No es por los euríbor, ni por lo caro que cuesta todo aunque digan que la cosa baja, ni porque no hay sitio donde aparcar el coche ni porque haya que correr los cien metros lisos cada vez que queremos cruzar por un semáforo en la avenida, qué va. Es por la tele y los concursos-academias de la tele. Que no hay derecho, dice. Que tal o cual canta o baila mejor que el otro aspirante a superestrella, y que no valen las componendas para fidelizar a la audiencia y ganar una pasta en el proceso, llamadita a llamadita, sms a sms.
Parte de razón no le falta. En el programa andaluz, ciertamente, no tiene sentido que haya un jurado de gente muy lorquiana, por usar un término que lo mismo ni vale, o sea, un comité de expertos cañís y copleros que da sus votos y dice Maripuri de Pajarrumaque tiene ochenta votos, un poner, mientras que Salvadorito de la Bahía tiene cuarenta y es el último. Punto pelota: Maripuri va ganando, y Salvadorito tiene que volver a casa, al taller o al instituto o al sofá. Así es la vida.
Pero qué va, that´s enternainment, que dicen en la BBC. Ahora entra la audiencia. Y, más que la audiencia, el nacionalismo mal entendido, el pueblerinismo, incluso la densidad de población. Y, cáspita, después de chorrocientas mil llamadas y medio millón de sms repetidos, va Salvadorito y saca diez millones de votos-llamada y es la pobre Maripuri de Pajarrumaque, donde no hay cobertura y son diez gatos, quien tiene que irse con la bata de cola a casa. Razón no le faltaba el otro día a una de las folklóricas del programa, una de las profesionales quiero decir, una miembra del jurado (¿o es jurada?) cuando preguntó allí en falso directo que entonces para qué servían los expertos y las expertas. No les dio la gana de contestarle, claro.

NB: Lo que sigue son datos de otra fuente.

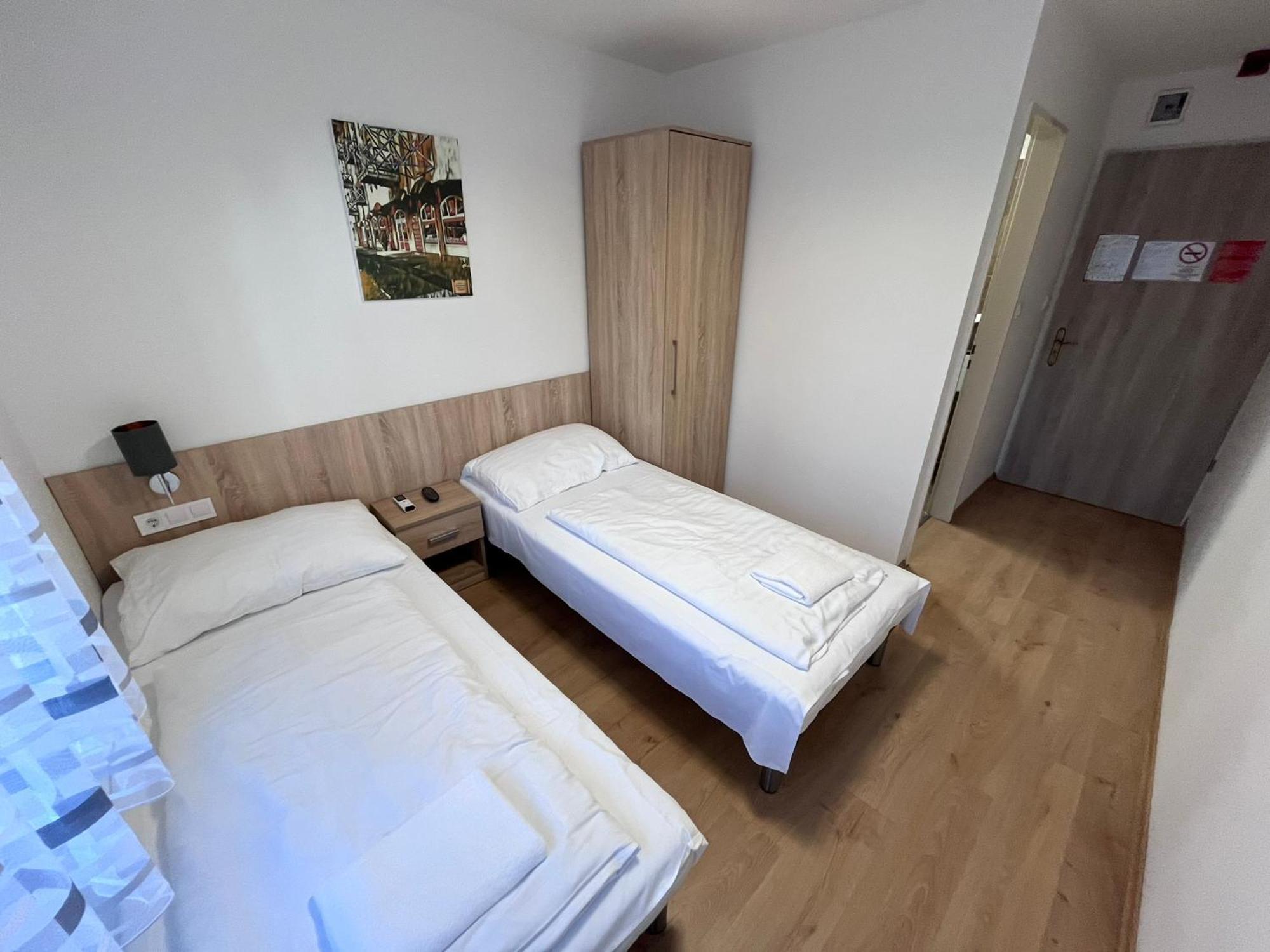 Majus 1 Vendeghaz - Torony Hotel Buitenkant foto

Tres cuartos de lo mismo en el programa de los bailones. No se dan cuenta, o les importa mismamente tres canecos, que lo mismo que los chavales van aprendiendo también va aprendiendo a valorar el espectador, y nota que no es justo enfrentar a una parejita de chavalitos tatuados y perforados que acaba de llegar con los otros concursantes que llevan allí encerrados cuatro meses haciendo portets y sudando la gota gorda (¡gracias a Dios que no captamos el olor a tigre de las salas de ensayo!). Y aunque los cámaras son peores que los de ciertas televisiones locales y se les escapa la mitad de las veces el gran angular para mostrar los pasos, nos damos cuenta (mi mujer lo ve, al menos) cuándo la rubita de los pelos de loca mete la pata y cuándo el morenito de los bíceps en los dientes se pierde en el baile. Lo raro es que la señorita Rottenmeier no lo vea, ni el director de la academia, que está muy ocupado haciendo propaganda por toda la cara (lo subliminal está prohibido) de los discos (?) que perpetra.
Vamos desvirtuando, me temo, el valor del voto y la decisión, cuando estamos todos vendidos a las empresas de telefonía, a la audiencia y a la publicidad. Ya lo dijo el mejor presidente de los Estados Unidos, Jeb Bartlet (un presidente, claro, de mentira): no vivimos en una democracia, sino en una república (nosotros monarquía) parlamentaria. Nos han sustituido “un hombre, un voto”, por “una llamada, un voto; otra llamada, más pelas”. Ni les importa que se les vea el plumero. Ni que no nos dejen dormir la siesta. Porque hay que ver la voz que tiene la rubia y los gallos que suelta con lo de “A bailar”: quiera Dios que nunca venga a Cádiz a animar-retrasar las agrupaciones en el concurso del Falla.